# WORK TASK
Nothing but the lines below from the one containing "Smartphone web simgesi, vektör çizim" through the one containing "Youngblood Mineral Cosmetics" should appear in the answer, exact and without pictures.

# THE RECORDS
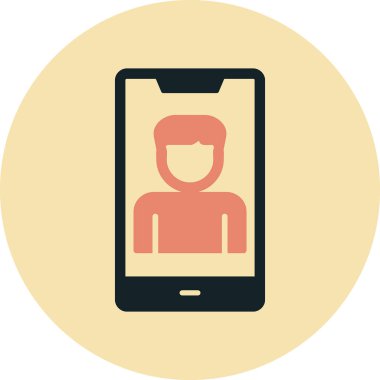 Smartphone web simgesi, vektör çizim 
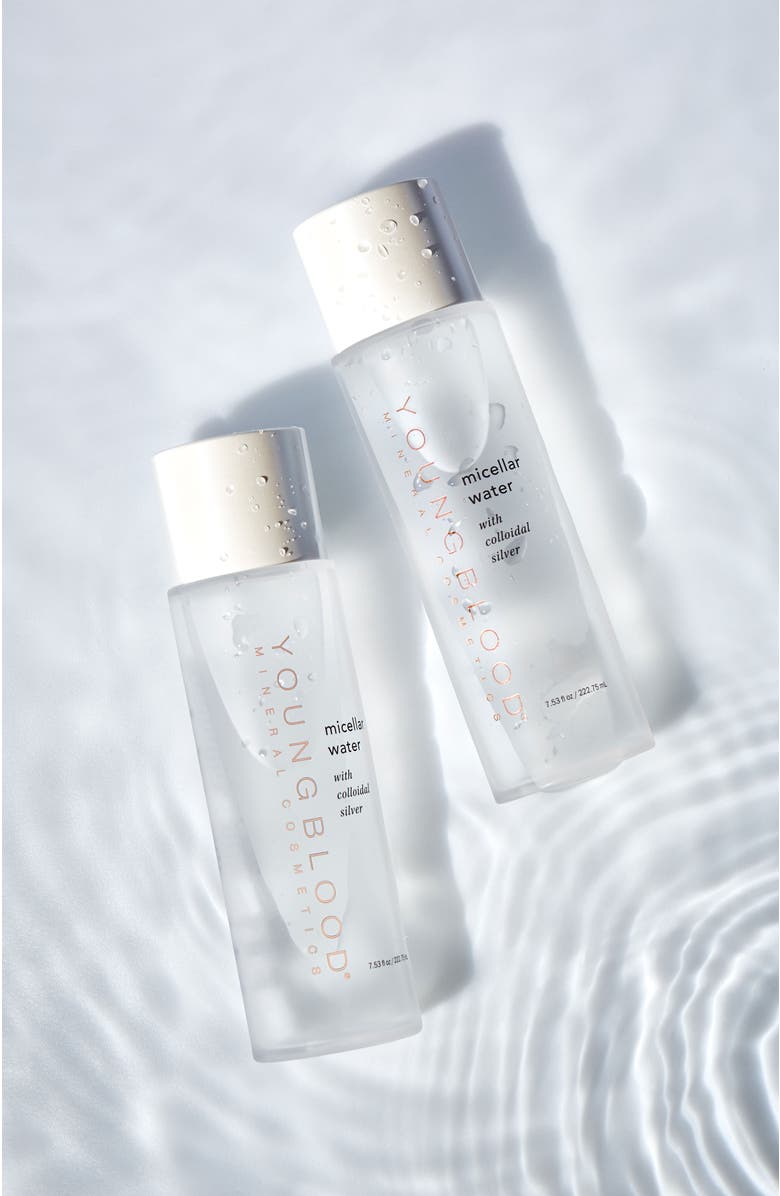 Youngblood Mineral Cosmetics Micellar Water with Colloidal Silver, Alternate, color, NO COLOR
--
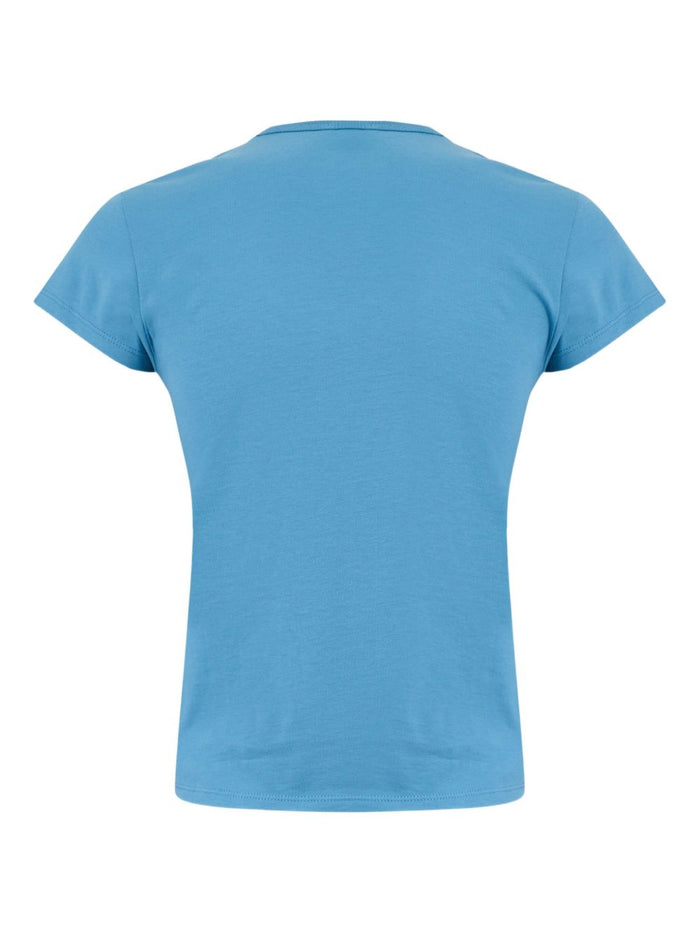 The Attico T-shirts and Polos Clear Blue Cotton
...
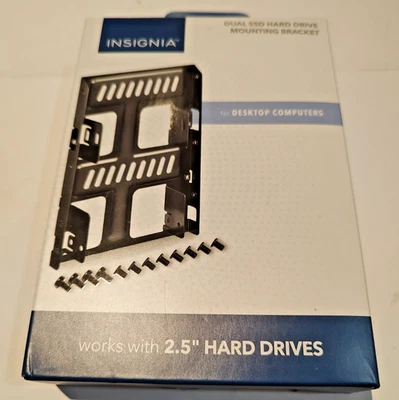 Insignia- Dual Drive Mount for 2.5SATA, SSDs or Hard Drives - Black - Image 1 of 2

# FINAL ANSWER
 Smartphone web simgesi, vektör çizim 
 Youngblood Mineral Cosmetics Micellar Water with Colloidal Silver, Alternate, color, NO COLOR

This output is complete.